– Przecież sam mówiłeś, iż wcale nie są do ciebie podobni! – krzyczał z ekranu bohater taniego serialu. – O co ci chodzi? To twoja żywa kopia!
Wiktor wymuszenie się uśmiechnął i spojrzał na żonę. To przecież ona zaproponowała wieczór z herbatą i serialem. Gdyby ktoś powiedział mu wtedy, iż ta „telenowela” rozbije jego rodzinę, pewnie by tylko się roześmiał.
– A wiesz co? Ja go rozumiem – rzucił zimno Wiktor, nie odrywając wzroku od telewizora. – Moi synowie też wcale nie są do mnie podobni. Żaden. Wszyscy czterej to twoja kopia. Może i ja powinienem zrobić test DNA?
– Bardzo śmieszne – skrzywiła się Kinga. – Co jeszcze wymyślisz?
– Mówię poważnie. Wszystko mi wyjaśniono. Wiem, iż dzieci nie są moje.
– Co ty pleciesz?! Kto ci to powiedział?!
– Pewien człowiek. Kolega z pracy. Po prostu spojrzał na nasze zdjęcie i zapytał: „Jesteś pewien, iż to twoje?”. I wiesz co? Nagle uświadomiłem sobie, iż nie. Nie są podobni. Ani wyglądem, ani charakterem.
Kinga zbladła. Serce ścisnęło jej się z bólu, gniewu i paniki. Tyle lat razem. Tyle lat ramię w ramię – smutki, radości, choroby, studia, porody. A on… Wystarczyło jedno zdjęcie i uwierzył obcemu.
– Naprawdę myślisz, iż przez dwadzieścia lat cię okłamywałam? Że mogłabym podrzucić ci cudze dzieci?! Oszalałeś?!
– Przestań udawać! Sam widzisz! Wszyscy są twoimi kopiami! A ja jestem dla nich kim? Wujkiem?
– Kim ona jest? – spytała nagle Kinga lodowatym tonem. – Ta kobieta, która ci to wmówiła?
– Co ma kobieta do tego? To kolega z pracy! Sam przez to przechodził.
– Oczywiście. A ty? Jak chłopiec na wietrze. Wystarczyło dmuchnąć i już. Rozwód?
– Rozwód – odpowiedział spokojnie. – Zrobię test. jeżeli okaże się, iż żaden nie jest mój – koniec. Niech w rubryce „ojciec” będzie pustka.
Dzieci, dowiedziawszy się, iż ojciec wątpi w ich pokrewieństwo, przestały z nim rozmawiać. Najstarszy, osiemnastoletni, oświadczył, iż nigdy więcej go tak nie nazwie. A najmłodszy, zaledwie pięcioletni, patrzył na niego z zakłopotaniem i pytał: „Tato, jesteś na nas zły?”
Rodzina się rozpadała. Przyjaciele, krewni, współpracownicy – wszyscy byli w szoku. Kinga była załamana, Wiktor uparty i głuchy na argumenty. A powód? Dziewczyna o imieniu Agnieszka, nowa w firmie, młoda, ambitna, z olśniewającym uśmiechem i manierami myśliwego.
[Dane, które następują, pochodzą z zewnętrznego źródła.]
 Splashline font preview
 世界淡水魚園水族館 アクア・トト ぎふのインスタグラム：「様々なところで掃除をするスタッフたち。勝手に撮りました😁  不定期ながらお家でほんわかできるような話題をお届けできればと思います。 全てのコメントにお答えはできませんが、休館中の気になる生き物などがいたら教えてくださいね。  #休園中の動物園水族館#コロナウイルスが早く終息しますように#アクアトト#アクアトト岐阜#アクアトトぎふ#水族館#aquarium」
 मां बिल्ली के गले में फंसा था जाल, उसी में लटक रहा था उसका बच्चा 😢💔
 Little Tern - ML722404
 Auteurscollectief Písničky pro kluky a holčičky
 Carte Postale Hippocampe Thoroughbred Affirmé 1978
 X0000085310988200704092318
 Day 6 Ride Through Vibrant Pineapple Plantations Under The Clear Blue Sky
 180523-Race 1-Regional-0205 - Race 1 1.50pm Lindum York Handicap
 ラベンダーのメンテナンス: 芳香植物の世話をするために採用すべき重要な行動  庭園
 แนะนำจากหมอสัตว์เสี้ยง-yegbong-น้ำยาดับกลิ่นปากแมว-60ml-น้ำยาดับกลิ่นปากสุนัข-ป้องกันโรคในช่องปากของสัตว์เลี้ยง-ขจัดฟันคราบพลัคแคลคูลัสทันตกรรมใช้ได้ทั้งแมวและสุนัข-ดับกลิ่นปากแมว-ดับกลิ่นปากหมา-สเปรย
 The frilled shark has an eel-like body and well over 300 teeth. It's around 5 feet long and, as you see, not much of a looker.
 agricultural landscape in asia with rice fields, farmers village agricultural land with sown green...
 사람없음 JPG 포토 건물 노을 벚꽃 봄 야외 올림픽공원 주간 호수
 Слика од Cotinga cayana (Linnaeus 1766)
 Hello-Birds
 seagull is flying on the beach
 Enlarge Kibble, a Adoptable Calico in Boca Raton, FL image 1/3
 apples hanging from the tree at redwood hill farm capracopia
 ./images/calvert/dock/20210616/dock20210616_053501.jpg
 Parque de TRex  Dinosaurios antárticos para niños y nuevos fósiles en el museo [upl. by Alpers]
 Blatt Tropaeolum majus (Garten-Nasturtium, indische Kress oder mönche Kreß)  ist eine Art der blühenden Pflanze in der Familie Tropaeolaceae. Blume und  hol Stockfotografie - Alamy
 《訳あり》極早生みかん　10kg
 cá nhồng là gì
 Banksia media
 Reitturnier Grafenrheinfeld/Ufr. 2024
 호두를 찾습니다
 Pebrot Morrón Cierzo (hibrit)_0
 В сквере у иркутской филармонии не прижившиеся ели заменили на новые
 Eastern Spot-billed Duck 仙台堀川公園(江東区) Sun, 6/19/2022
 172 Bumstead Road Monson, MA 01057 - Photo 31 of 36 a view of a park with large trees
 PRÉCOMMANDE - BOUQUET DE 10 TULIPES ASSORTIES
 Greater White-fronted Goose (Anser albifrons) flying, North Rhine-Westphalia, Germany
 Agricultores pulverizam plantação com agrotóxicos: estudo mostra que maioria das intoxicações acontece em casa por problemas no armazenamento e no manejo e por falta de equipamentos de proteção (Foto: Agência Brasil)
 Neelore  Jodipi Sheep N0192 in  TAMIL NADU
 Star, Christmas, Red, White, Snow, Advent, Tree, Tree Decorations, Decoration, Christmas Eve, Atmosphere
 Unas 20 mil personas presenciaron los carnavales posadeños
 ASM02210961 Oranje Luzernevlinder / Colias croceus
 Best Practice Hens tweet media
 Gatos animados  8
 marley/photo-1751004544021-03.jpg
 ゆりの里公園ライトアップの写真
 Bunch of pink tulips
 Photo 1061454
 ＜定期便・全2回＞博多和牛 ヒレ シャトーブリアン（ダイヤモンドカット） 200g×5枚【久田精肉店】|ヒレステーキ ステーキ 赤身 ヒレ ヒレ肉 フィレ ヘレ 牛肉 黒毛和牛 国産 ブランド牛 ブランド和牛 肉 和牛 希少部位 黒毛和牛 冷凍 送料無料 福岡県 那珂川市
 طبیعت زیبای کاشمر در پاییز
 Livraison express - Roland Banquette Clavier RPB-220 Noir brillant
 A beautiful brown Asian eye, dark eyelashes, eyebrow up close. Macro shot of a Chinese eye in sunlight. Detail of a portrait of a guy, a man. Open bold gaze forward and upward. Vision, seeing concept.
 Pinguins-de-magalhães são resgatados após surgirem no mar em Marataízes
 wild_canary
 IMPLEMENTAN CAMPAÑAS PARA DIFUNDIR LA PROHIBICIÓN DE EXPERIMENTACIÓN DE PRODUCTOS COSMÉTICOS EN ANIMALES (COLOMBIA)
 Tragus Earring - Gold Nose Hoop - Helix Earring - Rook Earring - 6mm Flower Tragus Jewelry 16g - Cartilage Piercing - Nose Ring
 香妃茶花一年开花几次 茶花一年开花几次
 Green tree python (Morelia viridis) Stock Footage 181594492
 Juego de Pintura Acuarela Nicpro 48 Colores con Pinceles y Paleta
– Nie zrozum mnie źle – szeptała Wiktorowi przy kawie. – Po prostu dziwne, iż dzieci nic po tobie nie odziedziczyły. Ani rysów, ani charakteru. A zdarza się przecież…
Najpierw się wściekał, potem wątpił. A w końcu uwierzył. I tak – sąd, badania, testy. Cztery wyniki: Wiktor Nowak – ojciec. Biologiczny.
Agnieszka płakała, przepraszała, zapewniała, iż to miłość. Że nie chciała nic złego. Wiktor ożenił się z nią tydzień po rozwodzie.
Ale nowe życie nie wyszło. W pracy – bojkot. Zwolnili go szybko. Agnieszkę też. Przyjaciele odwrócili się plecami. Sąsiedzi spluwali za jego plecami. A niedługo Agnieszka spakowała walizki i odeszła – „nie wytrzymała presji”.
Spróbował wrócić. Zapukał do znajomych drzwi.
– Wybacz – powiedziała Kinga – ale już cię nie potrzebujemy. U nas wszystko w porządku.
I Wiktor został sam. Bez rodziny. Bez przyjaciół. Bez dzieci, które – jak się okazało – były do niego podobne znacznie bardziej, niż mógł to sobie wyobrazić.